## Work to be completed
In full and without changes, output the data.

## Material for this exercise
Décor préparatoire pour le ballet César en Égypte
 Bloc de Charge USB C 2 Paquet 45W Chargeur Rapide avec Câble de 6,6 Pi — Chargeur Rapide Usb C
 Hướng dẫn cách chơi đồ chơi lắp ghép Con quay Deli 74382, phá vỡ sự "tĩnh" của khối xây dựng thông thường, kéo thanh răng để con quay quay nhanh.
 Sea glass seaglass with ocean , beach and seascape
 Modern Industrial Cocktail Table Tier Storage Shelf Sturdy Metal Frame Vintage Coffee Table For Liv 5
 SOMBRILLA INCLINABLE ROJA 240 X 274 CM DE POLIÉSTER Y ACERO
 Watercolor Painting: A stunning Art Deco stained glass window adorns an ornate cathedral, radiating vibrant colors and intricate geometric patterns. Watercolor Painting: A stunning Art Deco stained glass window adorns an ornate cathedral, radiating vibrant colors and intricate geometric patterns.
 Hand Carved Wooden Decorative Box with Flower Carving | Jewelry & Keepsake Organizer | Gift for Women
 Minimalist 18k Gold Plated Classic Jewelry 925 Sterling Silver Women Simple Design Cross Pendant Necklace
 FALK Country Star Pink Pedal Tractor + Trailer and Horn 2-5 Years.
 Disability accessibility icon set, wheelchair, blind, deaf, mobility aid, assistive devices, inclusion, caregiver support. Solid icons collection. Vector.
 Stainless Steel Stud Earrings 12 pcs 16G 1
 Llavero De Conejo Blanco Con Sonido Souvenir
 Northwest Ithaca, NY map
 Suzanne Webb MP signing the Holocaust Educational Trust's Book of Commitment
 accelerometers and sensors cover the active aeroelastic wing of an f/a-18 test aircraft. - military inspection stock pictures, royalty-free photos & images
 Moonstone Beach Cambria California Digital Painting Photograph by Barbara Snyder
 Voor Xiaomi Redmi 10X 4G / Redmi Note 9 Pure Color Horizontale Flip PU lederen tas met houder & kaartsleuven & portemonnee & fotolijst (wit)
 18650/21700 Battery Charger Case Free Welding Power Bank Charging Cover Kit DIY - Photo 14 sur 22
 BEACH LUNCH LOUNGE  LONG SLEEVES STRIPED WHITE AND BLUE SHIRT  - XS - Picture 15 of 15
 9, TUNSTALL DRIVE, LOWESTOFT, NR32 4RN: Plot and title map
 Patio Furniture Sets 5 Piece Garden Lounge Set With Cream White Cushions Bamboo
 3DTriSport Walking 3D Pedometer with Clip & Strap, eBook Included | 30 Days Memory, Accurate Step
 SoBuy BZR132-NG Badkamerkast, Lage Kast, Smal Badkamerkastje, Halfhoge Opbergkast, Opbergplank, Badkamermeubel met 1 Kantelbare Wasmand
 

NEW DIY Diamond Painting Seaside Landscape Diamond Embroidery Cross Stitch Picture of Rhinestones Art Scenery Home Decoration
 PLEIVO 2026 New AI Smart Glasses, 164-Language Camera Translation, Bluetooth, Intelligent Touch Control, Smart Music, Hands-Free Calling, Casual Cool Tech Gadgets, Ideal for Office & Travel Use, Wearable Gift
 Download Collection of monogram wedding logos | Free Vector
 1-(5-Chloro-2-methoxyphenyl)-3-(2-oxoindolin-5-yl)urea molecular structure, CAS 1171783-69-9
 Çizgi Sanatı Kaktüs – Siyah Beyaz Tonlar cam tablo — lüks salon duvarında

## Answer to this exercise
Décor préparatoire pour le ballet César en Égypte
 Bloc de Charge USB C 2 Paquet 45W Chargeur Rapide avec Câble de 6,6 Pi — Chargeur Rapide Usb C
 Hướng dẫn cách chơi đồ chơi lắp ghép Con quay Deli 74382, phá vỡ sự "tĩnh" của khối xây dựng thông thường, kéo thanh răng để con quay quay nhanh.
 Sea glass seaglass with ocean , beach and seascape
 Modern Industrial Cocktail Table Tier Storage Shelf Sturdy Metal Frame Vintage Coffee Table For Liv 5
 SOMBRILLA INCLINABLE ROJA 240 X 274 CM DE POLIÉSTER Y ACERO
 Watercolor Painting: A stunning Art Deco stained glass window adorns an ornate cathedral, radiating vibrant colors and intricate geometric patterns. Watercolor Painting: A stunning Art Deco stained glass window adorns an ornate cathedral, radiating vibrant colors and intricate geometric patterns.
 Hand Carved Wooden Decorative Box with Flower Carving | Jewelry & Keepsake Organizer | Gift for Women
 Minimalist 18k Gold Plated Classic Jewelry 925 Sterling Silver Women Simple Design Cross Pendant Necklace
 FALK Country Star Pink Pedal Tractor + Trailer and Horn 2-5 Years.
 Disability accessibility icon set, wheelchair, blind, deaf, mobility aid, assistive devices, inclusion, caregiver support. Solid icons collection. Vector.
 Stainless Steel Stud Earrings 12 pcs 16G 1
 Llavero De Conejo Blanco Con Sonido Souvenir
 Northwest Ithaca, NY map
 Suzanne Webb MP signing the Holocaust Educational Trust's Book of Commitment
 accelerometers and sensors cover the active aeroelastic wing of an f/a-18 test aircraft. - military inspection stock pictures, royalty-free photos & images
 Moonstone Beach Cambria California Digital Painting Photograph by Barbara Snyder
 Voor Xiaomi Redmi 10X 4G / Redmi Note 9 Pure Color Horizontale Flip PU lederen tas met houder & kaartsleuven & portemonnee & fotolijst (wit)
 18650/21700 Battery Charger Case Free Welding Power Bank Charging Cover Kit DIY - Photo 14 sur 22
 BEACH LUNCH LOUNGE  LONG SLEEVES STRIPED WHITE AND BLUE SHIRT  - XS - Picture 15 of 15
 9, TUNSTALL DRIVE, LOWESTOFT, NR32 4RN: Plot and title map
 Patio Furniture Sets 5 Piece Garden Lounge Set With Cream White Cushions Bamboo
 3DTriSport Walking 3D Pedometer with Clip & Strap, eBook Included | 30 Days Memory, Accurate Step
 SoBuy BZR132-NG Badkamerkast, Lage Kast, Smal Badkamerkastje, Halfhoge Opbergkast, Opbergplank, Badkamermeubel met 1 Kantelbare Wasmand
 

NEW DIY Diamond Painting Seaside Landscape Diamond Embroidery Cross Stitch Picture of Rhinestones Art Scenery Home Decoration
 PLEIVO 2026 New AI Smart Glasses, 164-Language Camera Translation, Bluetooth, Intelligent Touch Control, Smart Music, Hands-Free Calling, Casual Cool Tech Gadgets, Ideal for Office & Travel Use, Wearable Gift
 Download Collection of monogram wedding logos | Free Vector
 1-(5-Chloro-2-methoxyphenyl)-3-(2-oxoindolin-5-yl)urea molecular structure, CAS 1171783-69-9
 Çizgi Sanatı Kaktüs – Siyah Beyaz Tonlar cam tablo — lüks salon duvarında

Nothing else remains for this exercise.